What Is Fluid-Structure Interaction? And How to Solve FSI Issues
Intuitively, solid materials, walls, or obstacles influence fluid flow. However, a surrounding fluid flow can also affect a movable or deformable structure. Interestingly, there are also more complex problems in two-way interaction situations, where the fluid flows influence structures by deforming them with large displacements, and structural response causes changes in fluid motion.
This article will explore situations where solids and fluids can influence each other through one-way and two-way fluid-structure interaction.
What is a Fluid-Structure Interaction Problem?
The interaction between fluid flow and solid structures involves complex simultaneous phenomena such as the dynamics of fluids, solid mechanics, and thermodynamics.
The coupling of these phenomena can result in various outcomes, such as vortex-induced vibration or aeroelasticity.
Vortex-induced vibration manifests itself in many different branches of engineering, from cables to heat exchanger tube arrays.
Aeroelastic effects are common in aerospace structures because they must be lightweight while enduring large aerodynamic loads.
A flow field characterizes laminar and turbulent flows, while deformation and stress fields characterize the solid structure.
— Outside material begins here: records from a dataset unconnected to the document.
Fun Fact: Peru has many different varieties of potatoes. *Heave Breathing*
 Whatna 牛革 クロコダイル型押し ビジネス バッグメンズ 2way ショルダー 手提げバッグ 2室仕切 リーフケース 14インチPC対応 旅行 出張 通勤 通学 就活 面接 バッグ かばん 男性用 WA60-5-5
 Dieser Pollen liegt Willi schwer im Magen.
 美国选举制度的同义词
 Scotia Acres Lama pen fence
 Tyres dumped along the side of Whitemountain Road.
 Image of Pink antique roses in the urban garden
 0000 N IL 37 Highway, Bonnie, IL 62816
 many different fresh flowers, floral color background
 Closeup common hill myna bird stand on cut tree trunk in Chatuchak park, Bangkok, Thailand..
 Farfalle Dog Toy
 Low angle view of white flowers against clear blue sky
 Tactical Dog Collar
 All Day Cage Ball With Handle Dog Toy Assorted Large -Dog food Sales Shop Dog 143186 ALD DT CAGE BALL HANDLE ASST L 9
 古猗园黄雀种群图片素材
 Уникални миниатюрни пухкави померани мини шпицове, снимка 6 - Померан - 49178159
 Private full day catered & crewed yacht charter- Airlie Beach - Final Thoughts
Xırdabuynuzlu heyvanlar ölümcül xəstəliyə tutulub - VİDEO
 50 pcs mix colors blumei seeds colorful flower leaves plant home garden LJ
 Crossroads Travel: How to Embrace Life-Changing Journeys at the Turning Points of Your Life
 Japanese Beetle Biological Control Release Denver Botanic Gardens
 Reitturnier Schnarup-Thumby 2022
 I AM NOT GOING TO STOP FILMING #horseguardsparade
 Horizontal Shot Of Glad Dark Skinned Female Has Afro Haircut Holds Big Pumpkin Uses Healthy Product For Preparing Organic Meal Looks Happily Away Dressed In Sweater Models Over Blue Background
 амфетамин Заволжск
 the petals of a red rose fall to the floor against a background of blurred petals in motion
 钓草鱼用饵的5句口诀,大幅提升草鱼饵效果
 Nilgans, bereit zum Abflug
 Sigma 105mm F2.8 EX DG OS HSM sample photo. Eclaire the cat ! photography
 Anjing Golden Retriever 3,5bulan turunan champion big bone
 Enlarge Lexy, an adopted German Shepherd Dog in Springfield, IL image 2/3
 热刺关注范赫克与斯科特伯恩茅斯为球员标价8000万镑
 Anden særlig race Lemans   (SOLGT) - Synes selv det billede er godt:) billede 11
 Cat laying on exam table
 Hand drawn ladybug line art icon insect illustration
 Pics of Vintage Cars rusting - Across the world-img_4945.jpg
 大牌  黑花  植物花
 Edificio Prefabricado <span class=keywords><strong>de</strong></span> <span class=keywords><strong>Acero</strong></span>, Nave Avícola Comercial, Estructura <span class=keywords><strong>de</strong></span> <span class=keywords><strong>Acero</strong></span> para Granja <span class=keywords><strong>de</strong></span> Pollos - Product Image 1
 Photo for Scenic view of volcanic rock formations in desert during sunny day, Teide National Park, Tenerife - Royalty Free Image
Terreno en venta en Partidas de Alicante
Thus, solid deformation and stress fields can affect a fluid flow, and the flow field can affect a solid.
From a practical point of view, how can two different software communicate, and what is the relevance of fluid-structure interaction problems for various industries? Read this article to learn more!
We will describe engineering cases, move on to aerospace examples, and delve into the physics and simulation software. We will conclude with the potentially revolutionary impact of AI on fluid-structure interaction simulation.
While of interest, conjugate heat transfer is now so easy to implement in standard CFD codes that it will not be dealt with in the article where we will instead focus on two-way simulation where FEA simulations and CFD simulations exchange data.
Fluid-Solid Interactions: Case Histories
The collapse of the Tacoma Narrows Bridge highlighted the importance of fluid-structure interaction in large structures, leading to advancements in engineering practices. Today, bridges and skyscrapers exposed to wind are designed to be more resistant to natural forces.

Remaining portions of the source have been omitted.